По голосу, по пустому движению челюстей и параличу взгляда Илья определил, что Федор трагически пьян.

Руднев подошел к барной стойке.

– Эй, есть кто?

Из кухни вышел бармен.

– Будьте добры, пива, – как можно приветливей попросил Илья.

– Какого?

– Неважно.

– У нас есть «Гиннесс», «Харп», «Крик»…

– Дайте любого! – ответил Руднев, чувствуя, что от пустых разговоров у него уже свербит в груди.

– Пинту или полпинты?

– Много! – приказал он треснувшим голосом.

Бармен налил до середины бокала рубиновое, пахнущее елью и грейпфрутом пиво.

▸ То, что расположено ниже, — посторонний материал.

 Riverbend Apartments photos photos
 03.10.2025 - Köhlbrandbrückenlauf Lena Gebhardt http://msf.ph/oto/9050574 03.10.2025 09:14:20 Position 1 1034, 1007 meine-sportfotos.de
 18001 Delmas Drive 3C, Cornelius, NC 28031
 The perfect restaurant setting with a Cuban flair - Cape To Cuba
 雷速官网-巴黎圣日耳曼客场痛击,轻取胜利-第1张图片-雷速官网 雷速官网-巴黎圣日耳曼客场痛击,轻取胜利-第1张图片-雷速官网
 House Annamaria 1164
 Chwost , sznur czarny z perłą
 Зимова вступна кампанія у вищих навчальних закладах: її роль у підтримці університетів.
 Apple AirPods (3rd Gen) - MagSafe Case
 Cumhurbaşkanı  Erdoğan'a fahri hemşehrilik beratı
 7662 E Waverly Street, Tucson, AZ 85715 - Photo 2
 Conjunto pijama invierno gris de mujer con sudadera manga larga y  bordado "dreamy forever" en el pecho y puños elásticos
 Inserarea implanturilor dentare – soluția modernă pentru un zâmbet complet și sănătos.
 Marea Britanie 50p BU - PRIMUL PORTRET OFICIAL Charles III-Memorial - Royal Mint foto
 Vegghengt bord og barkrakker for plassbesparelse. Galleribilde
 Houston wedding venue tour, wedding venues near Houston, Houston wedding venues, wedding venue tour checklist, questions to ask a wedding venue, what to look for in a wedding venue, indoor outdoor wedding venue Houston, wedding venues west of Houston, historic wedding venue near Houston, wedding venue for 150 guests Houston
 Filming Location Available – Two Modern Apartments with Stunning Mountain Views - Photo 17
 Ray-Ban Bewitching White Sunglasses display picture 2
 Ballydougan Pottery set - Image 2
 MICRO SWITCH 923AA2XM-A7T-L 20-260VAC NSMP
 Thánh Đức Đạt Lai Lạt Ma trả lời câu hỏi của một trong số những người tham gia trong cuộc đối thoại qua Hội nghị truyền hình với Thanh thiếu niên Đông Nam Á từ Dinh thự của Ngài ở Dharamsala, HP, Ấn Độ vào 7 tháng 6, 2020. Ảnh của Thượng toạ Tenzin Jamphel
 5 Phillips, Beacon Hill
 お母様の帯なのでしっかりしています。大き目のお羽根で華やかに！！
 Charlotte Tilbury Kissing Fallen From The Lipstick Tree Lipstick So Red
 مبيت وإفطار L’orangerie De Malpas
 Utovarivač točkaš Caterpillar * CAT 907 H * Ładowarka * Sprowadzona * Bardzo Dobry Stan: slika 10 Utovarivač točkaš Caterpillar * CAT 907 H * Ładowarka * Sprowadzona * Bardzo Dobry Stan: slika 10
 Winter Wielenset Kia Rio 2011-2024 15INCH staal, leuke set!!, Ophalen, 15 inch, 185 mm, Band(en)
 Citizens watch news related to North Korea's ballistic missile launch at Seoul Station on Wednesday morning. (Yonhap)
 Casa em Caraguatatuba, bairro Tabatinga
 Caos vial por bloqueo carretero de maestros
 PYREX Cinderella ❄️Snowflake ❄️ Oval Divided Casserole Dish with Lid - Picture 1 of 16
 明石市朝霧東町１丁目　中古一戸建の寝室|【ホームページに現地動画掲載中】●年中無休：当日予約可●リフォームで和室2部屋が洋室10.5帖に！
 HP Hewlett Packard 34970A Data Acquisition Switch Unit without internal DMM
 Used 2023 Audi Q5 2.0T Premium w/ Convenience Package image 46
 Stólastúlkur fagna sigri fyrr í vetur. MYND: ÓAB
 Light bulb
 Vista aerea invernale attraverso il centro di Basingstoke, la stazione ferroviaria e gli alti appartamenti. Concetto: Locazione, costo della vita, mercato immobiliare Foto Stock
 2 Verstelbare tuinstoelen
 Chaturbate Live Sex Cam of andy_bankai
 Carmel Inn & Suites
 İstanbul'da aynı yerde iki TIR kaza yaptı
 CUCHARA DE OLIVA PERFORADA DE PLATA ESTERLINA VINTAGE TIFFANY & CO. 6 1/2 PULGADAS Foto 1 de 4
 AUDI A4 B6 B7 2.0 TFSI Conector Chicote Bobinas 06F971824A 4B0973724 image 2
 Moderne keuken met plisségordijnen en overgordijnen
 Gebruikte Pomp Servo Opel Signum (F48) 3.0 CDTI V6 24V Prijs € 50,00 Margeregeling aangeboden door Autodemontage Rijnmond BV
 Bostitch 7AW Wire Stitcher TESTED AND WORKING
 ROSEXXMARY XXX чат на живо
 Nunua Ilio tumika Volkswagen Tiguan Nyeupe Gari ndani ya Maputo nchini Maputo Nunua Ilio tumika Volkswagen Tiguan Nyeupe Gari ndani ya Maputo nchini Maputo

– Вот новое попробуйте. Английское.

Руднев выпил.

– Лейте. Пойдет.

Взяв с собой второй, медленный бокал, Руднев прошел в зал. Приблизившись к отцу Федору, Илья стал разглядывать бумаги на столе. Договоры, сметы – поверх них лежала тетрадь и небольшая книжица. Руднев отхлебнул пиво, выдохнул носом хмельные верхи и присел рядом.

– Евангелие? – он взял книжку. – Это… Это… Мандель… штам!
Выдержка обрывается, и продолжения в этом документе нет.